Embedded white-space in a complex number is invalid and is regarded as a field delimiter.

Conversion of Strings

This table shows how textscan interprets the string field specifiers.

Format Specifier

Action Taken

%s or %q

Read to the first delimiter.

Example: %s reads 'summer ' as 'summer'.

%Ns or %Nq

Read N characters, or to the first delimiter, whichever comes first.

Example: %3s reads 'summer ' as 'sum'.

%[abc]

Read those characters that match any character specified within the brackets, stopping just before the first character that does not match.

Example: %[mus] reads 'summer ' as 'summ'.

%N[abc]

Read as many as N characters that match any character specified within the brackets, stopping just before the first character that does not match.

Example: %2[mus] reads 'summer' as 'su'.

%[^abc]

Read those characters that do not match any character specified within the brackets, stopping just before the first character that does match.

Example: %[^xrg] reads 'summer ' as 'summe'.

%N[^abc]

Read as many as N characters that do not match any character specified within the brackets, stopping just before the first character that does match.

Example: %2[^xrg] reads 'summer ' as 'su'.

Conversion specifiers %s, %q, %[...], and %[^...] return a K-by-1 MATLAB cell vector of strings, where K is the number of times that specifier was found in the file.

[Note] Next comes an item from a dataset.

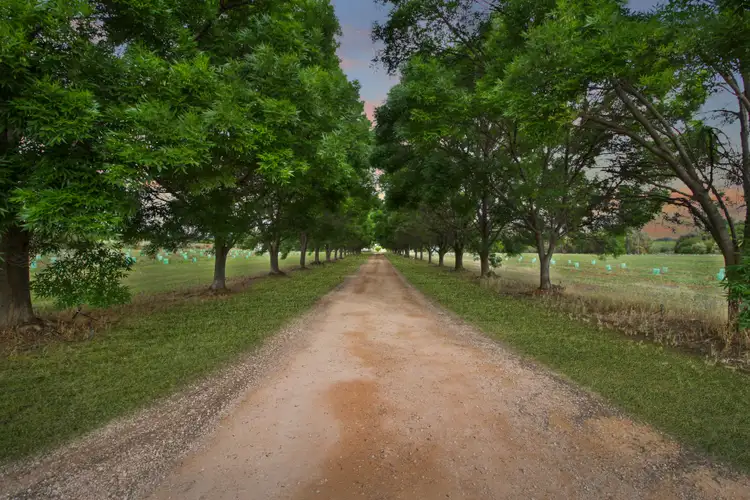 Second view of Homely house listing, 458 Chowilla Street, Renmark SA 5341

If you set the delimiter parameter to a non-white-space character, or set the whitespace parameter to '', textscan returns all characters in the string field, including white-space. Otherwise each string terminates at the beginning of white-space.

Conversion of Characters

This table shows how textscan interprets the character field specifiers.

Format Specifier

Action Taken

%c

Read one character.

Example: %c reads 'Let's go!' as 'L'.

%Nc

Read N characters, including delimiter characters.

Example: %9c reads 'Let's go!' as 'Let's go!'.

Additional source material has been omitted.